Think about it. There will be 29 teams that don't end up with LeBron James. Have you ever been out with a friend who is desperate to hook up? You know how he'll spend most of the night chasing girls who are increasingly less hot until, finally, he starts hitting on any skank who looks like she's drunk, stupid and/or fat enough to sleep with anybody capable of not spontaneously combusting? Well, that's going to be the 29 teams that don't get LeBron this summer. Amar''''''e is going to be some team's desperate hookup.
Anyway, this could be a pretty entertaining series. The Frail Blazers may or may not have Brandon Roy, who tore important parts of his knee but wants to play anyway. I can only hope that a sane person -- preferably someone with proven knowledge of both medicine and the human body -- sits him down and explains how knees work, not to mention how important knees are to the future of young basketball players. Anyway, Roy or no Roy, Portland has come back to life so many times this season, I'm ready to rename them the "Portland Jason Voorheeses." I mean, seriously. As well as the Suns have been playing lately, I've stopped betting against the Blazers.
Key players: Any member of the Blazers who manages not to get hurt. Also, I'm guessing Marcus "Hey, I'm playing for a new contract too!" Camby will submit some dominating performances on the defensive end. And of course, STAT hasn't signed a new contract yet...know what I'm sayin'?

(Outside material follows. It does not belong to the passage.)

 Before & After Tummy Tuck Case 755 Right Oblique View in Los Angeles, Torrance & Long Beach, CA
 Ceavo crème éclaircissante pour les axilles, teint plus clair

Nuggets-Jazz: The Nuggets were supposed to be where the Mavericks are: The second seed. But their season record was marred by a series of bizarre losses to teams like the Clippers, Timberpoops, Pistons, Kings (twice), Sixers, Wizards, and Knicks. They also suffered their own bout of Lakers-like late-season apathy, despite having, you know, never won anything. Hence the critical "statement game" losses to the Magic, Mavericks, Spurs and Suns...and the subsequent fall to fourth place.
The Jazz haven't exactly been the model of stability either. They've lost games to the Kings (twice), Timberpoops (twice), Clippers and Pacers...although the rest of their losses have come to other playoff teams. But Carlos Boozer is hurting due to a strained left rib cage, and without him Utah got overwhelmed at home by the Suns on the final day of the season. That was one day after Ronnie Price said: "We're going to see who's the tougher team tomorrow. The good thing is it's in our building. We'll see who's tougher. It would be a good momentum swing for us going into the playoffs. This is going to be a big test for us."
So the Jazz aren't tougher than the Suns. I'll go ahead and let you draw your own conclusions about that little factoid.
Key players: Boozer has promised to play in Game 1 "no matter what." That's a pretty bold statement. What if he got caught in a surprise elephant stampede? What if somebody ran over his foot with a lawn mower? What if he gets hit by a meteor? (Don't laugh!)
Anyway, the "key player" in this series isn't really a player at all: George Karl. His battle with cancer could give Denver a "win one for the Gipper" factor that Utah can't possibly match. Like, ever. Nobody on the Jazz would ever worry about Jerry Sloan dying. Sloan's enemies have long hoped he would burn in hell, but they know in their hearts that hell will not have him.